_PROBLEM STATEMENT_
What is needed is an exact copy of the data below, pictures excluded.

[Stored dataset items]
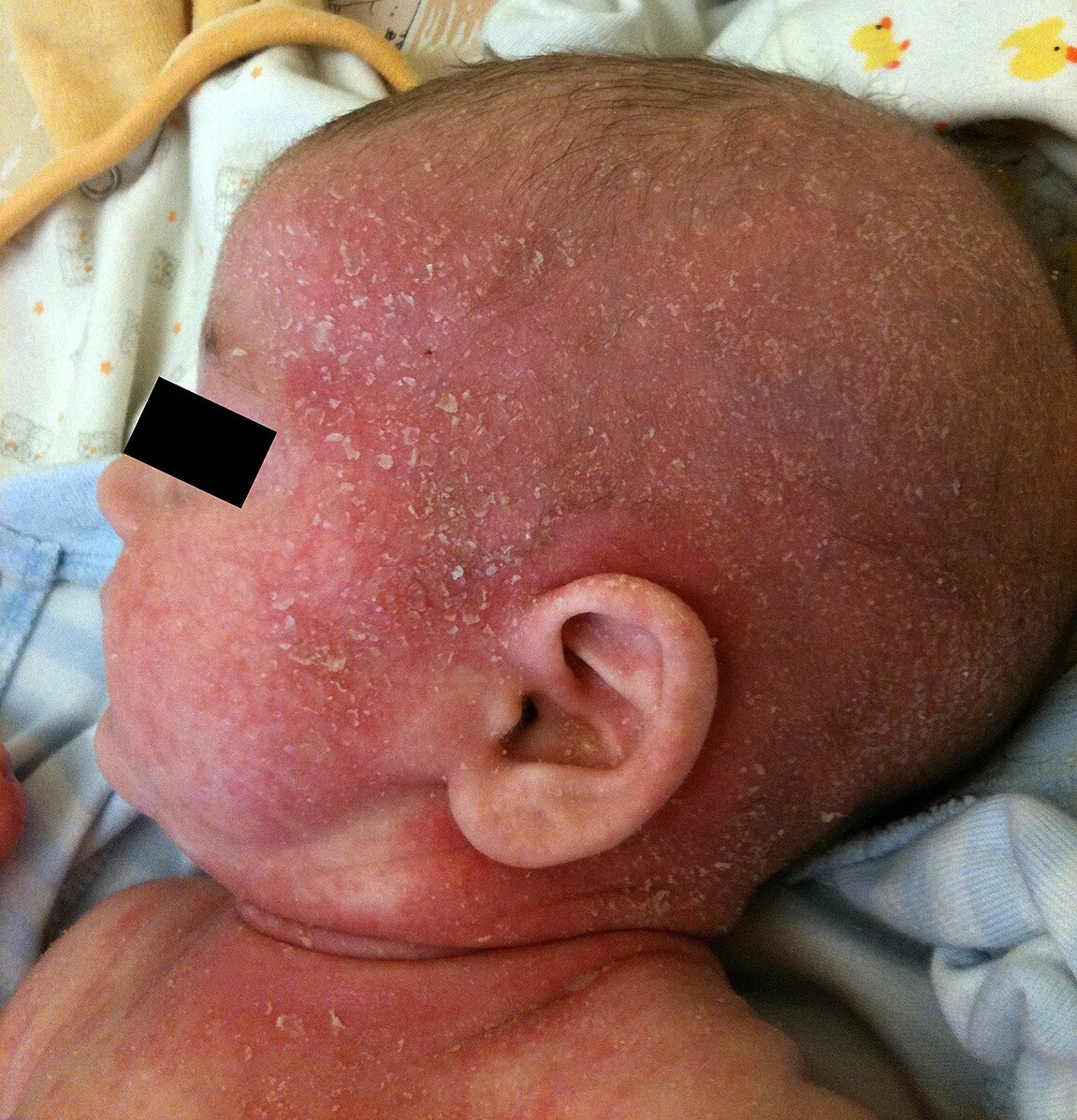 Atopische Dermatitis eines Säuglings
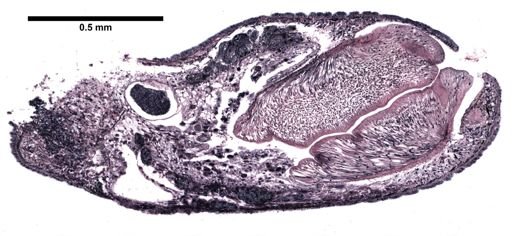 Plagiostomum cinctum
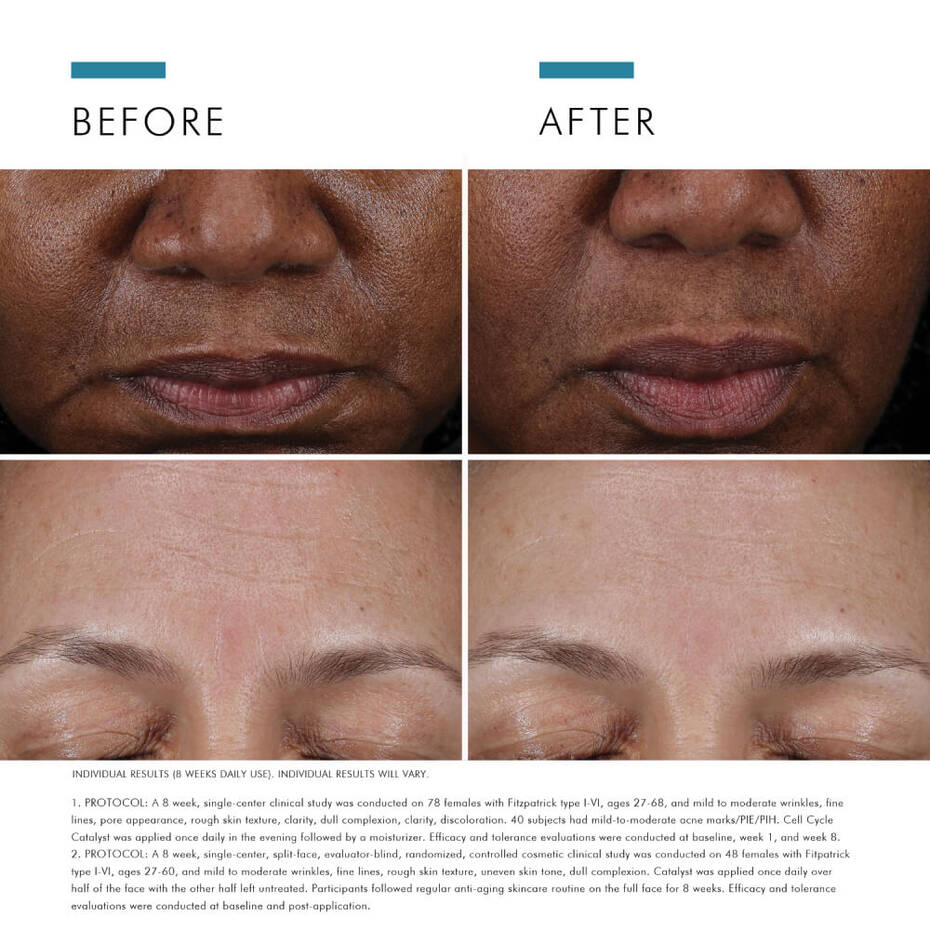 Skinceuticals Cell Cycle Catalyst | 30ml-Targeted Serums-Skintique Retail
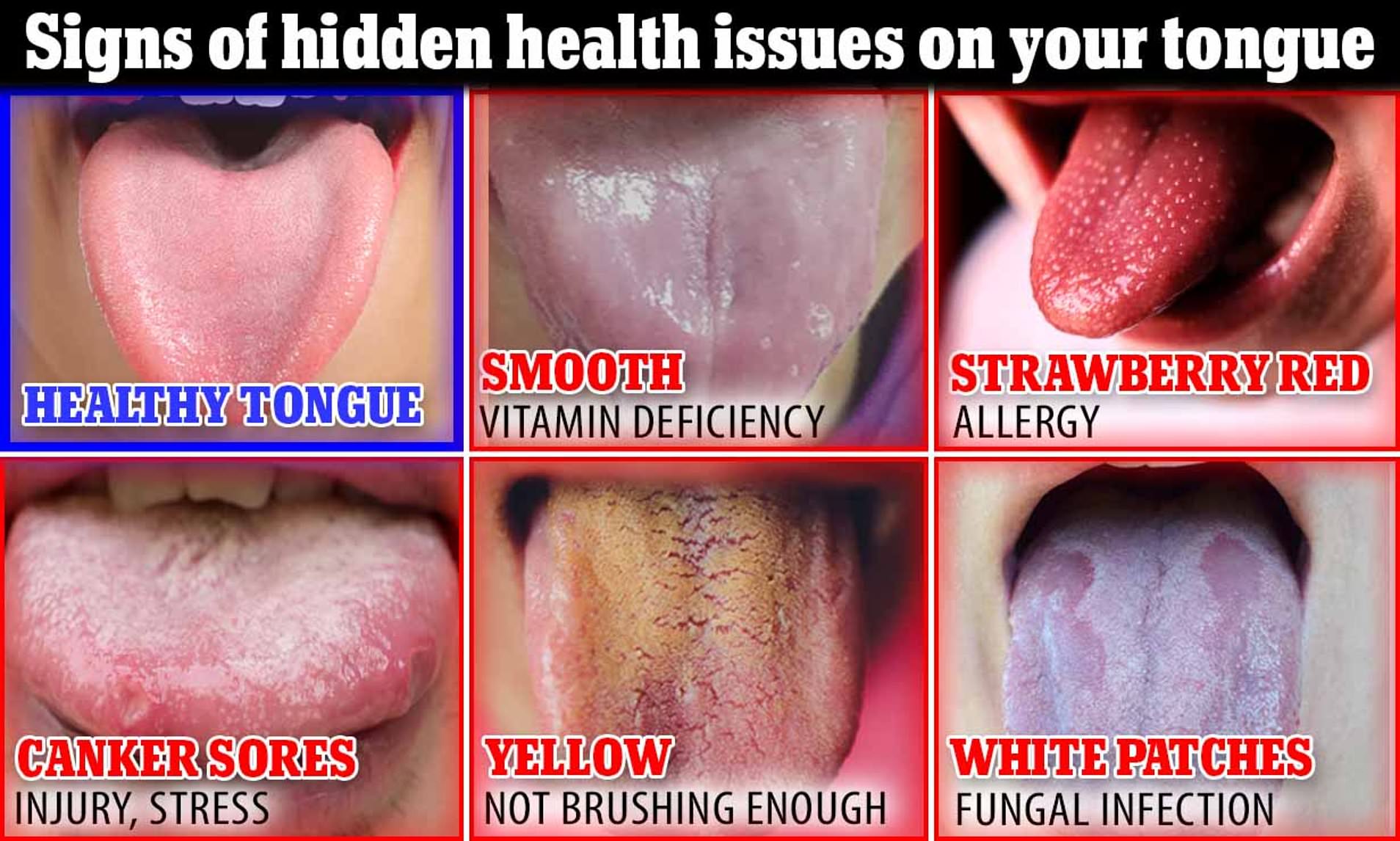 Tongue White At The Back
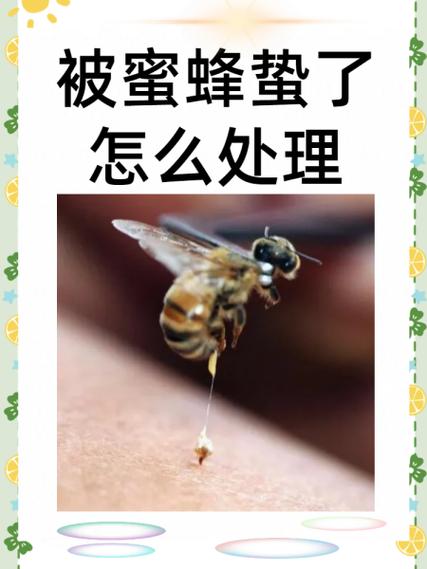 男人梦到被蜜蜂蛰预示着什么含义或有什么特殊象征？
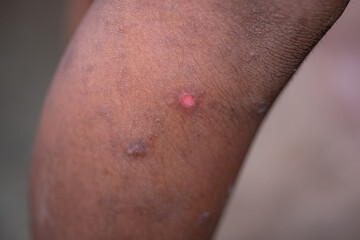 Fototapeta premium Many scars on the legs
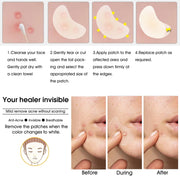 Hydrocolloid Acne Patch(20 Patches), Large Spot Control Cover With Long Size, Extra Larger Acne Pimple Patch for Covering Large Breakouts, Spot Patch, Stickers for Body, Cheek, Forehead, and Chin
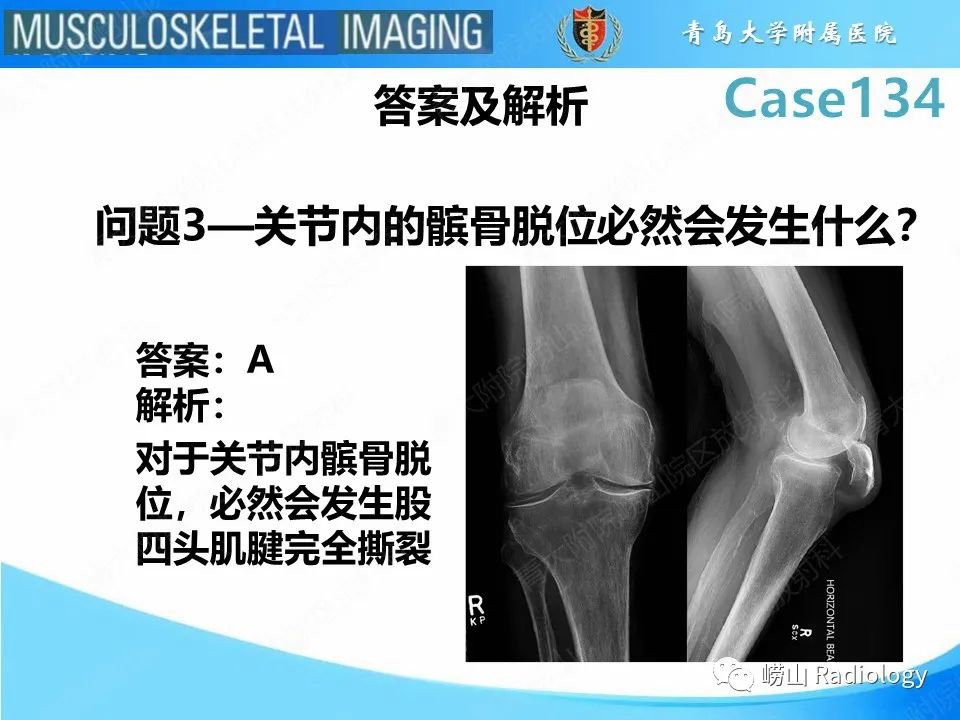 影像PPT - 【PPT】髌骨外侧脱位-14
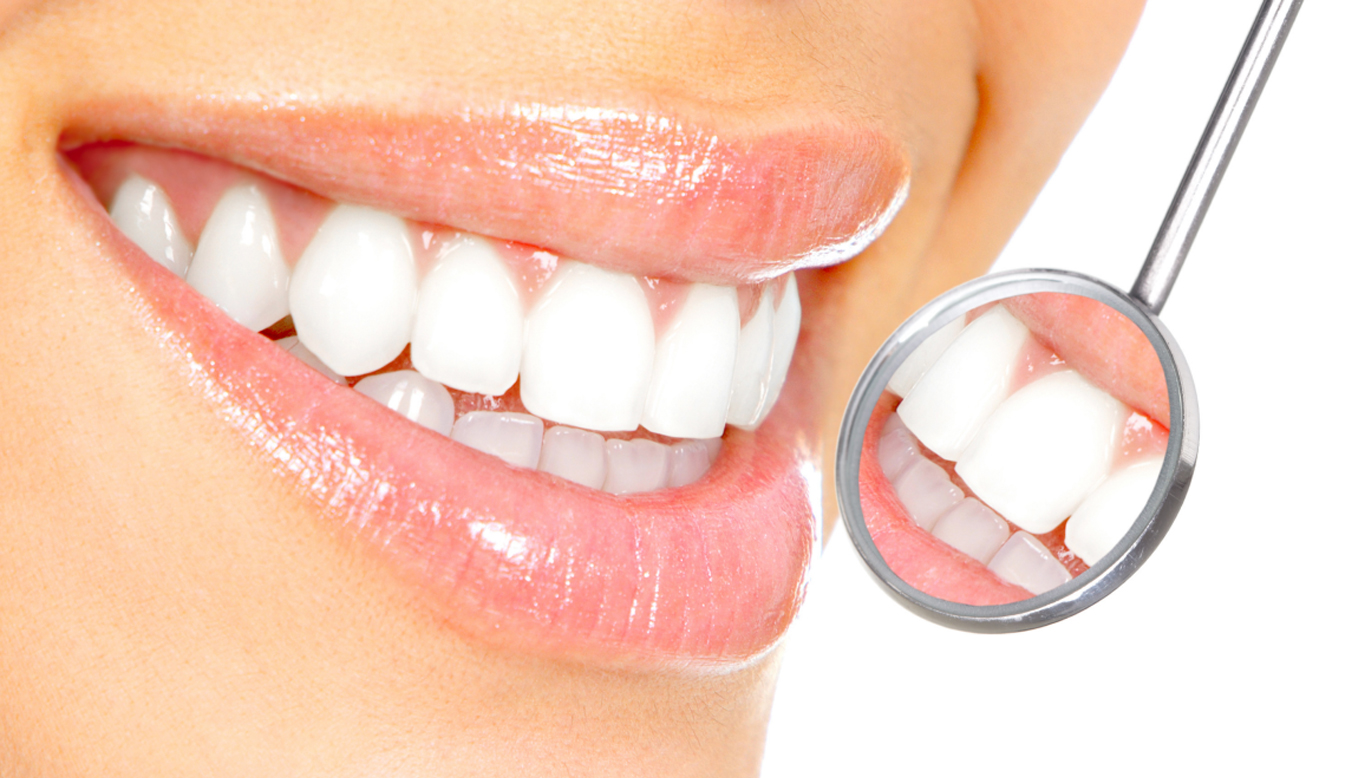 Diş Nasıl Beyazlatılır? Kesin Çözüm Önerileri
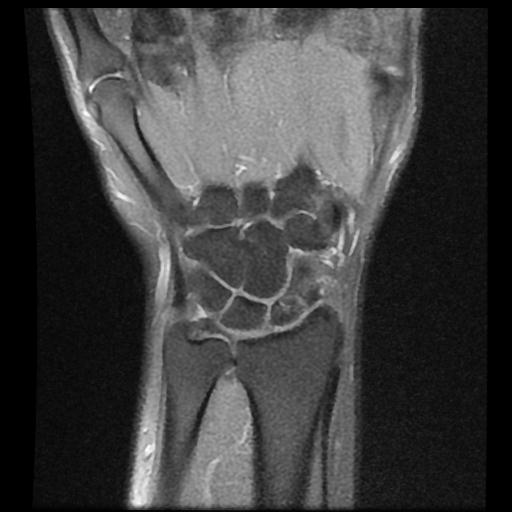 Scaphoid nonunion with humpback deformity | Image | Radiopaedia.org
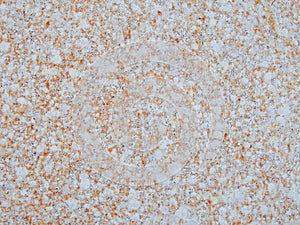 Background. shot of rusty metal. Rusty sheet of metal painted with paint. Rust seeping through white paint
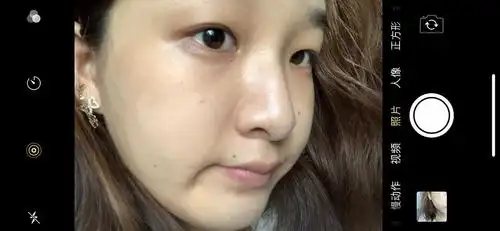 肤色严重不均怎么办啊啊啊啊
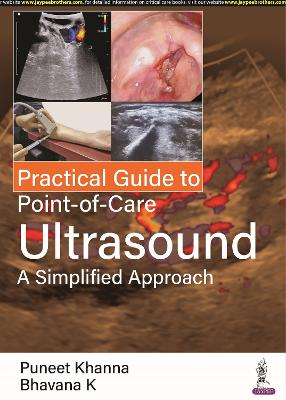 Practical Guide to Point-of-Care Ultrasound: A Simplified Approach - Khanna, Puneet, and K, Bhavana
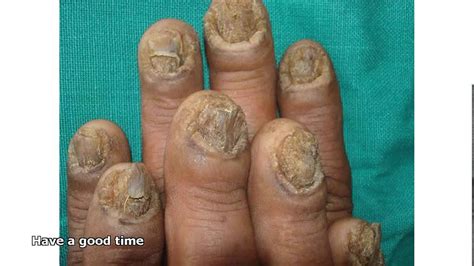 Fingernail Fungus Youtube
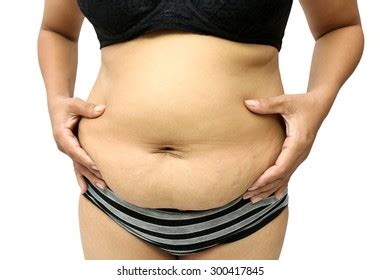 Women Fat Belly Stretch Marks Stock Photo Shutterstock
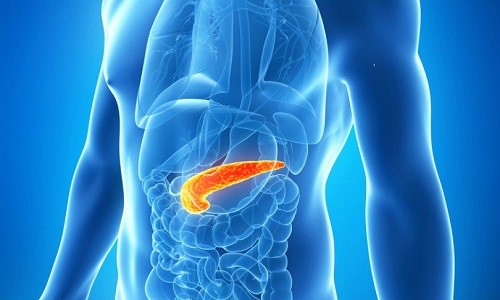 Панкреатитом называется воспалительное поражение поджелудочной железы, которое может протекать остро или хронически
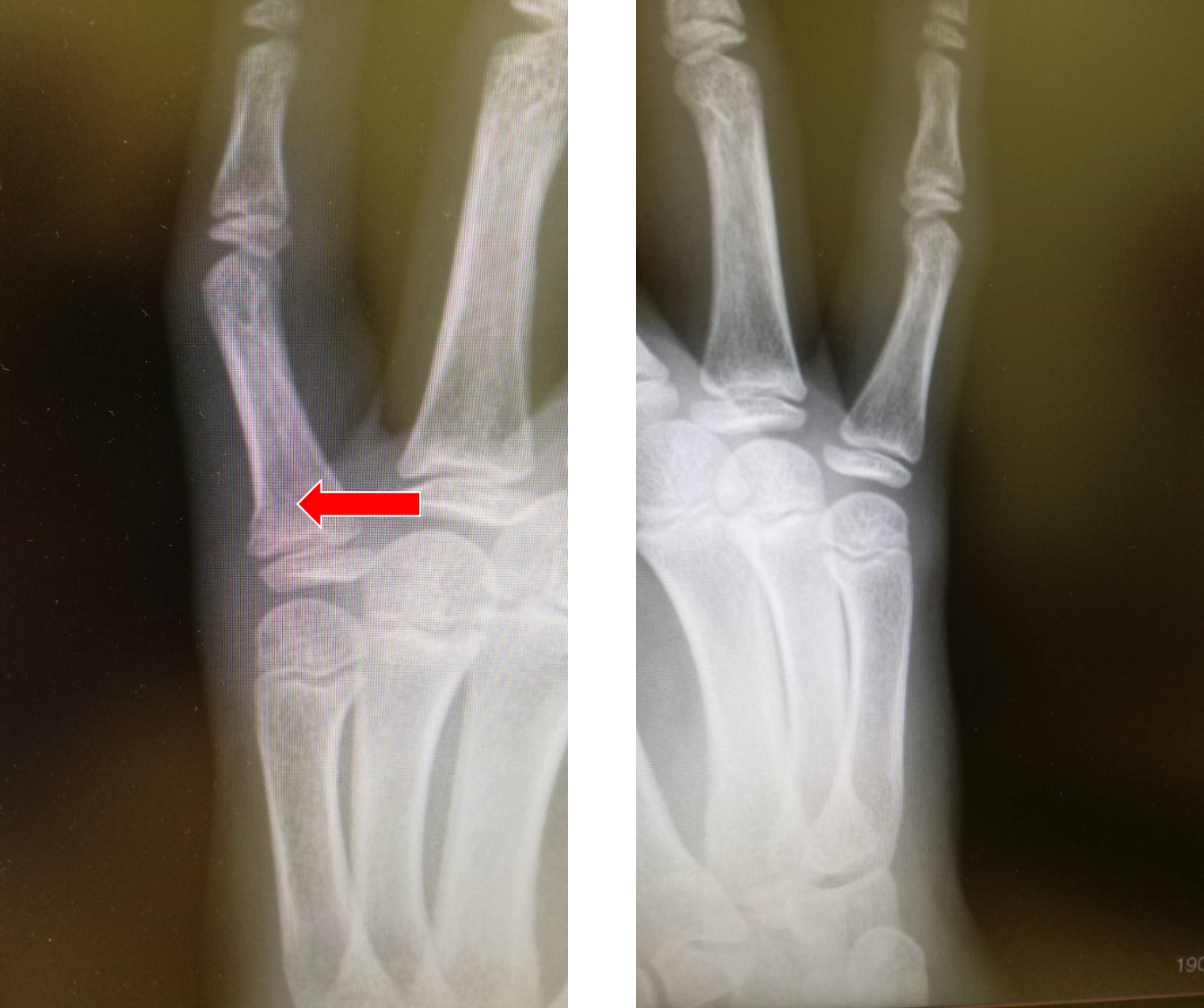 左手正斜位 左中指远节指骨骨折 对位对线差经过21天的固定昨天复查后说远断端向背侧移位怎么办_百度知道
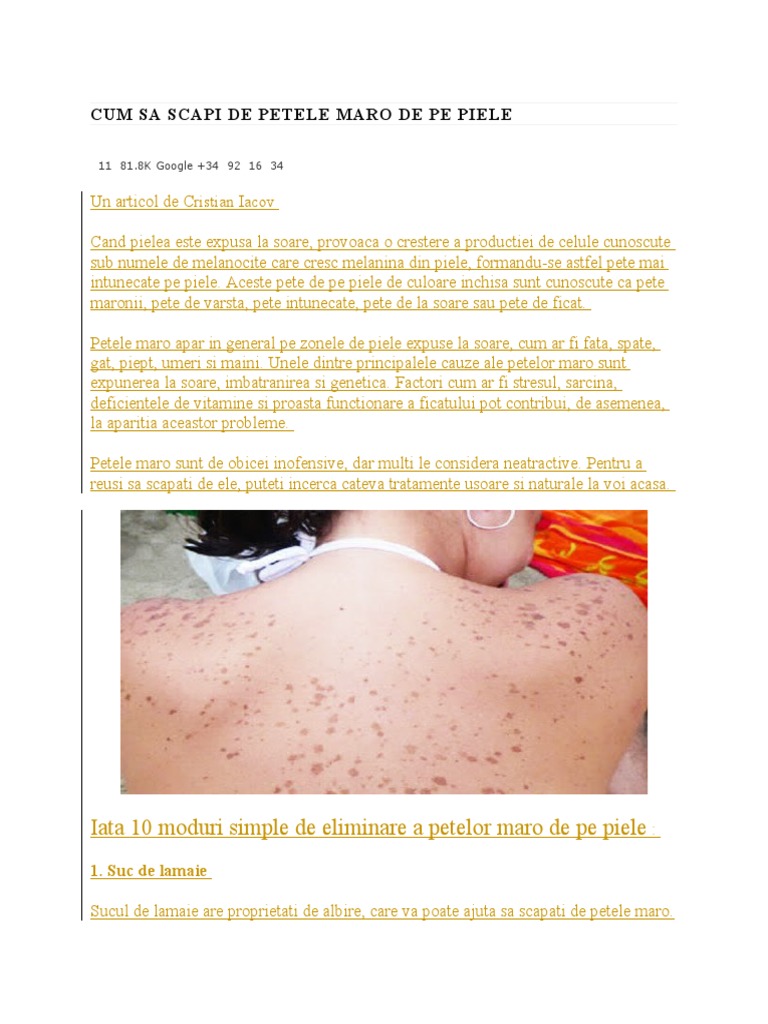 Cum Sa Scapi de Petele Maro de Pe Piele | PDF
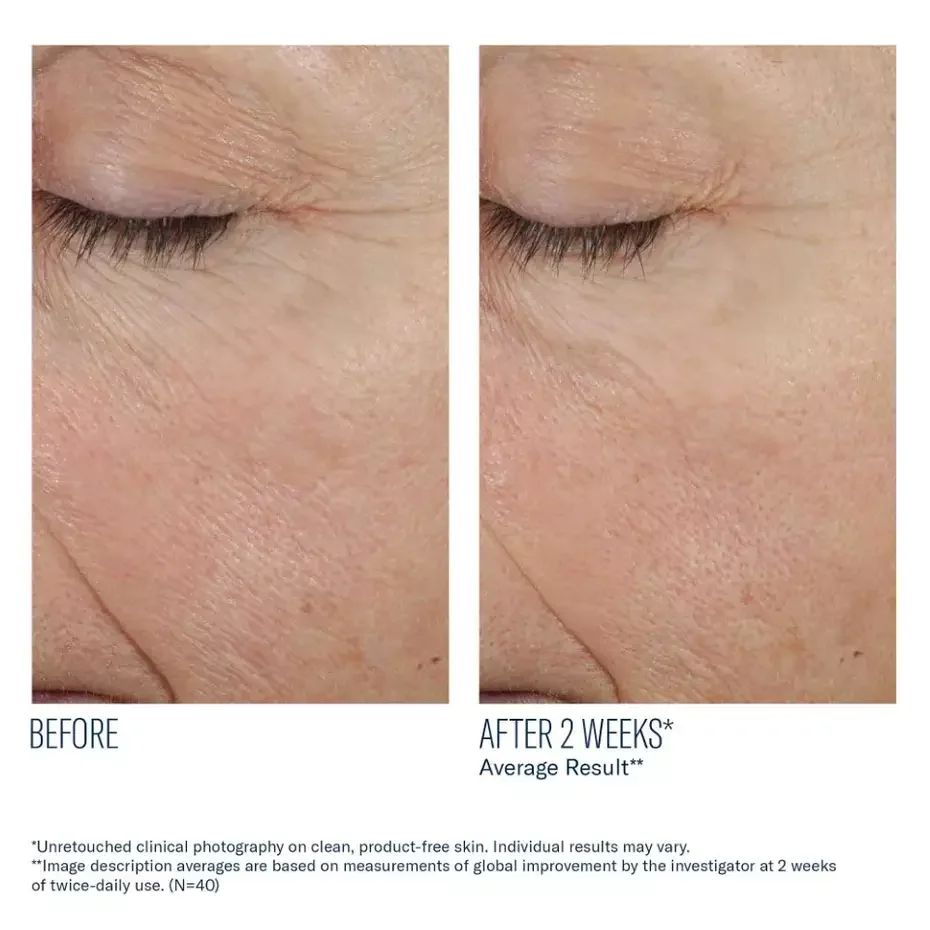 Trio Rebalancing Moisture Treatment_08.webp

_ANSWER_
 Atopische Dermatitis eines Säuglings
 Plagiostomum cinctum
 Skinceuticals Cell Cycle Catalyst | 30ml-Targeted Serums-Skintique Retail
 Tongue White At The Back
 男人梦到被蜜蜂蛰预示着什么含义或有什么特殊象征？
 Fototapeta premium Many scars on the legs
 Hydrocolloid Acne Patch(20 Patches), Large Spot Control Cover With Long Size, Extra Larger Acne Pimple Patch for Covering Large Breakouts, Spot Patch, Stickers for Body, Cheek, Forehead, and Chin
 影像PPT - 【PPT】髌骨外侧脱位-14
 Diş Nasıl Beyazlatılır? Kesin Çözüm Önerileri
 Scaphoid nonunion with humpback deformity | Image | Radiopaedia.org
 Background. shot of rusty metal. Rusty sheet of metal painted with paint. Rust seeping through white paint
 肤色严重不均怎么办啊啊啊啊
 Practical Guide to Point-of-Care Ultrasound: A Simplified Approach - Khanna, Puneet, and K, Bhavana
 Fingernail Fungus Youtube
 Women Fat Belly Stretch Marks Stock Photo Shutterstock
 Панкреатитом называется воспалительное поражение поджелудочной железы, которое может протекать остро или хронически
 左手正斜位 左中指远节指骨骨折 对位对线差经过21天的固定昨天复查后说远断端向背侧移位怎么办_百度知道
 Cum Sa Scapi de Petele Maro de Pe Piele | PDF
 Trio Rebalancing Moisture Treatment_08.webp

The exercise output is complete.